ウォーレン・バフェット氏はバークレイ・ハザウェイの会長職を56年間務めていたが、退任した。96歳のバフェット氏は名誉会長の役職に就き、取締役としての役割を続ける。一方で、33年間取締役を務めてきた息子のハワード・G・バフェット氏が非常勤会長に就任した。
後継計画が完了
この交代は段階的に進んでいた後継計画の完了である。バフェット氏は2025年末にCEOの職をグレッグ・アベル氏に譲り、アベル氏の就任は2025年5月に発表されていた。アベル氏は2026年1月1日から事業運営を担当している。また、スーヤェン・デッカー氏は引き続き独立監査役を務める。
長期にわたる移行
このような変化は突然のものではなかった。バフェット氏はバークレイ・ハザウェイに1965年以来関わり、1970年から公式に会長を務めてきた。CEOとしての在任中、年間成長率は19.9%と、同じ期間のS&P 500指数の10.4%を大きく上回った。

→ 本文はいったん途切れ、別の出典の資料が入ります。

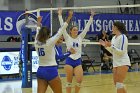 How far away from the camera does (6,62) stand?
13.3m

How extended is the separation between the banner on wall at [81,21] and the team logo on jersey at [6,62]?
1186mm

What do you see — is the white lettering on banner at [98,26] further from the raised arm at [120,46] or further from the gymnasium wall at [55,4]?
the raised arm at [120,46]

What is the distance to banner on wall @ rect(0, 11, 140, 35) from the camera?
1417cm

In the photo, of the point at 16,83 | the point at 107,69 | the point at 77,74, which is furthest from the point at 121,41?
the point at 107,69

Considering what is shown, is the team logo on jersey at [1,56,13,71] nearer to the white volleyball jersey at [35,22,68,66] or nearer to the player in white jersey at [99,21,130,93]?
the player in white jersey at [99,21,130,93]

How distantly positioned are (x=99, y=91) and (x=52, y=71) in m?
4.73

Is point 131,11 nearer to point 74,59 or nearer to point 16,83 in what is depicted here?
point 16,83

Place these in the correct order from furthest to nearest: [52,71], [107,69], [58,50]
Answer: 1. [107,69]
2. [58,50]
3. [52,71]

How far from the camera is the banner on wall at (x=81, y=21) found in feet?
46.5

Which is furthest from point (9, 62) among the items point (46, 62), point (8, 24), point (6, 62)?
point (46, 62)

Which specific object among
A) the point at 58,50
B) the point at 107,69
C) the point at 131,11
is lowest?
the point at 107,69

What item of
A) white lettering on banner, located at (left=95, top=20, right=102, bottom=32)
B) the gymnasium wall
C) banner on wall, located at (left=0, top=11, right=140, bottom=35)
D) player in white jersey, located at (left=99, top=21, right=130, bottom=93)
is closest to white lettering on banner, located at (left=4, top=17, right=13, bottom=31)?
banner on wall, located at (left=0, top=11, right=140, bottom=35)

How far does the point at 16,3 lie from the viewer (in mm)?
19781

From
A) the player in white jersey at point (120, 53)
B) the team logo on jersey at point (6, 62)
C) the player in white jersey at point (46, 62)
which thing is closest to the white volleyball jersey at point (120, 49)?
the player in white jersey at point (120, 53) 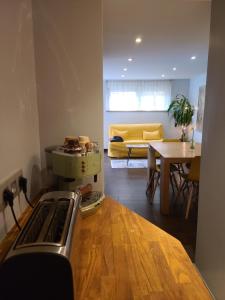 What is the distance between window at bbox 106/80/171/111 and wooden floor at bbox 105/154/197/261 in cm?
322

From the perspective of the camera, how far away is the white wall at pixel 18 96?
102cm

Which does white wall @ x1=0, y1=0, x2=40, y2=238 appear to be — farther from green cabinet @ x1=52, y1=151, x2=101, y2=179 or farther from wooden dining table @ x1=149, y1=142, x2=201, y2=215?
wooden dining table @ x1=149, y1=142, x2=201, y2=215

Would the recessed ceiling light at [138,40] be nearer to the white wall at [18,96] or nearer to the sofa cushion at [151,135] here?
the white wall at [18,96]

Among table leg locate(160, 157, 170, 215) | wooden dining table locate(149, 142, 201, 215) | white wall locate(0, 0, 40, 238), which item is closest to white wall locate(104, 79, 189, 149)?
wooden dining table locate(149, 142, 201, 215)

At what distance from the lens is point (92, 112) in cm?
155

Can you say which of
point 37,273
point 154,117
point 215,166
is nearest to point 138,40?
point 215,166

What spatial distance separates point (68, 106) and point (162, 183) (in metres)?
2.12

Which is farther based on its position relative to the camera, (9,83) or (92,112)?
(92,112)

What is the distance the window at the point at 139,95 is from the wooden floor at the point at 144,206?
3222 mm

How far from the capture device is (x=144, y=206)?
11.4 ft

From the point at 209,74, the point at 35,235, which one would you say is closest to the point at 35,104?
the point at 35,235

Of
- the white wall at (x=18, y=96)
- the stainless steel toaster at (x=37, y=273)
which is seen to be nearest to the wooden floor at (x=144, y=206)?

現在のバークレイ・ハザウェイは保険、鉄道輸送、エネルギー、製造業などを含む約1.1兆ドル規模のコンソーシアムである。株式ポートフォリオの価値は約3000億ドルに上る。保有銘柄にはアップル、アルファベット、コカ・コーラ、アメリカン・エクスプレス、バンク・オブ・アメリカなどが含まれる。2026年第二四半期の規制報告書によると、アップル、アメリカン・エクスプレス、コカ・コーラの3社だけで約半分のポートフォリオ価値を占めている。

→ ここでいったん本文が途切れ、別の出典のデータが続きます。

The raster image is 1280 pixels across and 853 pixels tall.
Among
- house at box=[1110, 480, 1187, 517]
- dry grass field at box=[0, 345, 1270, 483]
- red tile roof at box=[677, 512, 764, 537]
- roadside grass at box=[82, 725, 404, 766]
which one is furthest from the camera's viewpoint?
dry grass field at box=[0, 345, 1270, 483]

長男のバフェット氏は取締役として会議に出席し、判断や視点を提供する。71歳のハワード氏は事業運営を担当するアベル氏に任せており、自身はイリノイ州で1500エーカーの農地を耕し、2017年から2018年にかけてマコン郡の sheriff を務め、1999年以来ハワード・G・バフェット財団を率いてきた。また、10年間ほど国連の親善大使として飢餓対策に携わっている。ウォーレン・バフェット氏自身が語るところによると、息子の主な役割は会社の文化を守ることである。
市場の反応
市場はこのニュースを受け入れており、株式取引では大きな不安は見られなかった。ロイターの報道によれば、投資家がかつてバフェット氏の存在に支払っていたプレミアムは、体制変更の前からほぼ消えていた。2026年9月の金曜日、株価は0.1%下落して665,000ユーロと、同年8月に記録した52週間高値の686,000ユーロより2.9%低い水準に落ち着いた。この価格差は投資家間で警戒感があることを示しているが、最近の上昇トレンドは崩れていない。
運営面では、会社は安定した状態にあり続ける。保険部門のフロート(運用資金)は約1775億ドルに達している。アベル氏は人工知能向けデータセンターの構築に大きな可能性があると指摘しているが、バークレイ・ハザウェイは依然として大手の確立された企業への投資に重点を置く戦略を維持している。
株主にとって、9月18日は事業の変化というより象徴的な区切り点である。ウォーレン・バフェット氏が何十年もの間、個人に集中させていた権限が、正式にアベル氏(運営)、ハワード・バフェット氏(文化)、そして名誉会長としてのバフェット氏の3人に分担されることになった。